The OECD base erosion and profit shifting project – how New Zealand might respond
On 25 October 2013, the Policy Advice Division of Inland Revenue released a third tax policy report, Taxation of multinationals , which examines options to deal with the taxation of large multinationals and the problem of base erosion and profit shifting (BEPS). This follows the earlier reports released in December 2012 and April 2013 . The report strongly endorses measures outlined in the OECD Action Plan.
The report, to the Ministers of Revenue and Finance, suggests a number of proposals for reform that New Zealand could take to play its part. The Minister of Revenue has indicated he will consider the recommendations and his decisions would be reflected in the tax policy work programme due for release later this week. The recommendations include:
- Thin capitalisation and transfer pricing: Consider directly limiting the ability to use high-priced debt. Explore the scope of the transfer pricing rules used by investors who “act together” to profit shift and so consider aligning the rules with the recently announced thin capitalisation changes for such investors.
- Hybrid instruments: Explore whether New Zealand should restrict interest deductions on hybrid instruments where the interest payment is not taxed in the foreign jurisdiction.

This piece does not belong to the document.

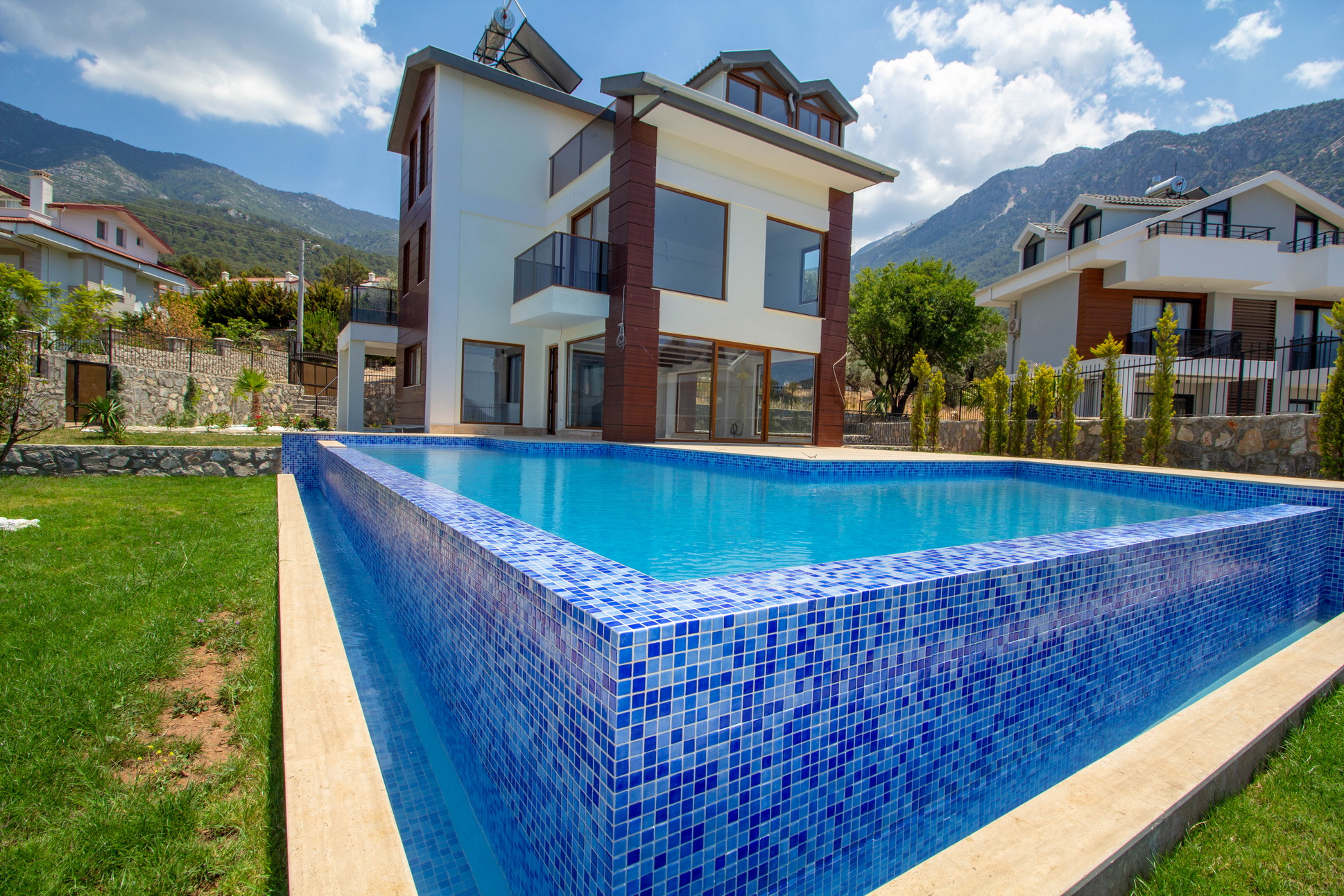 5 Bedroom Triplex Luxury Villa with Swimming Pool For Sale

- NRWT on related party debt: Explore options for dealing with a wide range of arrangements that can be used to defer or circumvent NRWT on related party interest payments.
- Investment vehicles and offshore investments: Explore the need for an anti-arbitrage rule for offshore entities that seek double non-taxation of income or double deductions of expenditure by taking advantage of differences between countries’ tax rules.

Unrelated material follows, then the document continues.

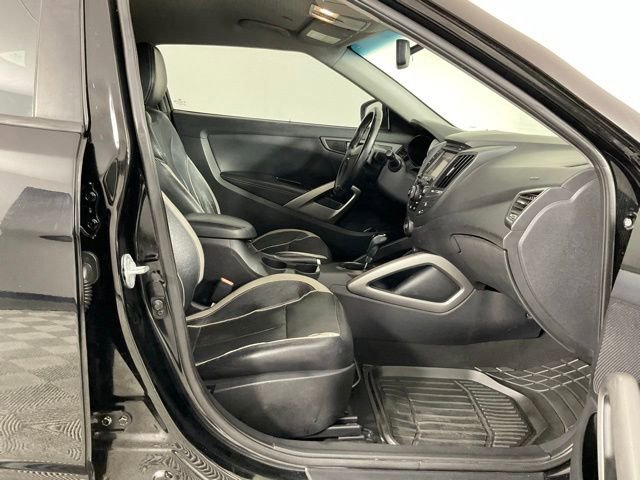 Used 2013 Hyundai Veloster Turbo FWD image 25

- Look-through vehicles and structures: Examine the incoherence relating to different tax treatment of look-through companies, limited partnerships, foreign portfolio entities and foreign trusts.

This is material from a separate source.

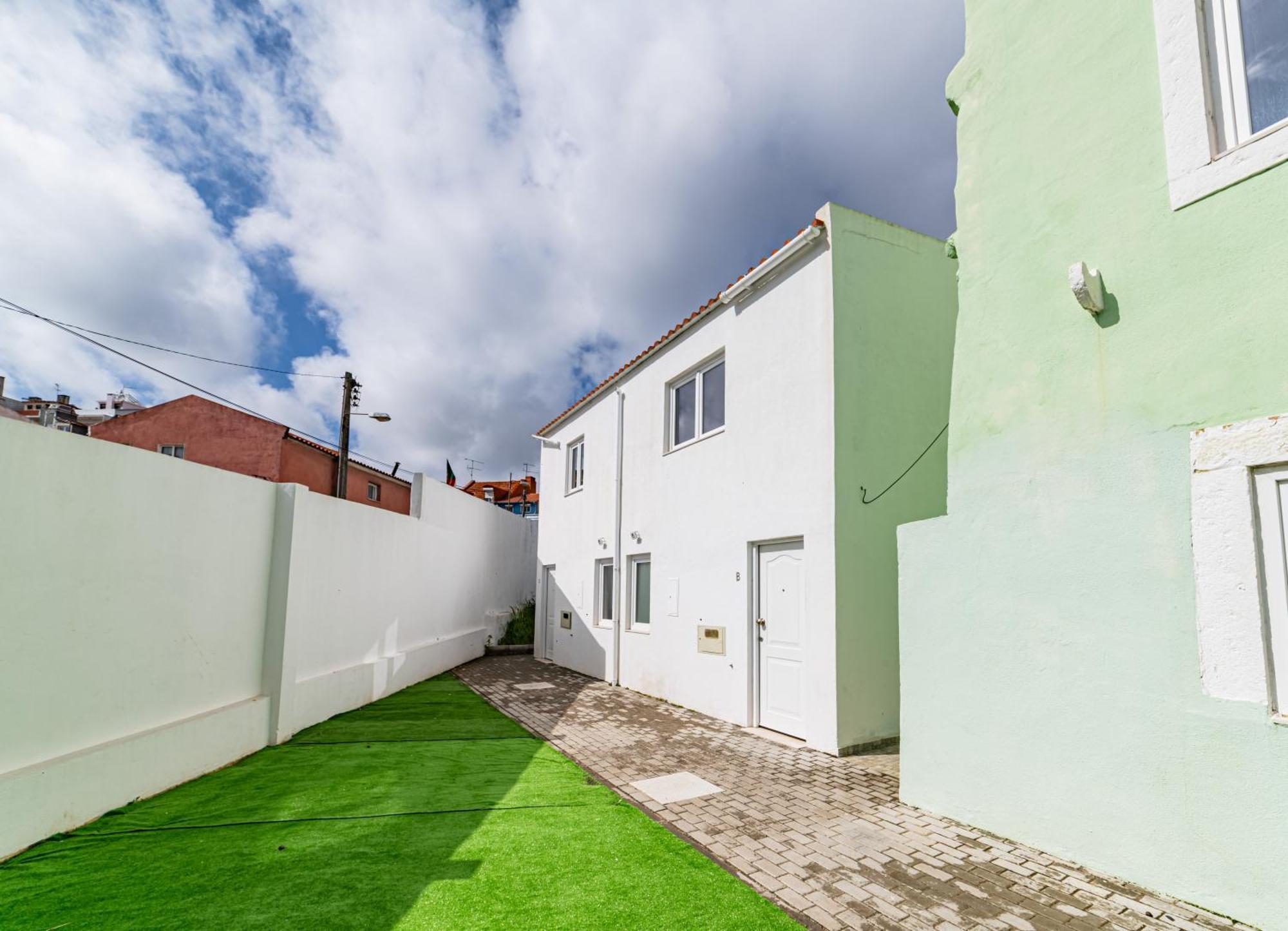 Ajuda Charm With Garden *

- Offshore branches: Design the active income exemption for offshore branches to ensure it does not facilitate profit shifting through repatriation of losses.
- Foreign trusts: Review the tax treatment of the foreign trust rules. This may include strengthening the regulatory framework for disclosure and record-keeping, and deciding whether NZ’s rules are sustainable in the long term given the mismatch with other countries’ trust rules.
- GST on goods bought online: An issues paper will be released later this year examining options for collecting GST from online shopping.
Look out for more on this in our next issue once the work program has been released.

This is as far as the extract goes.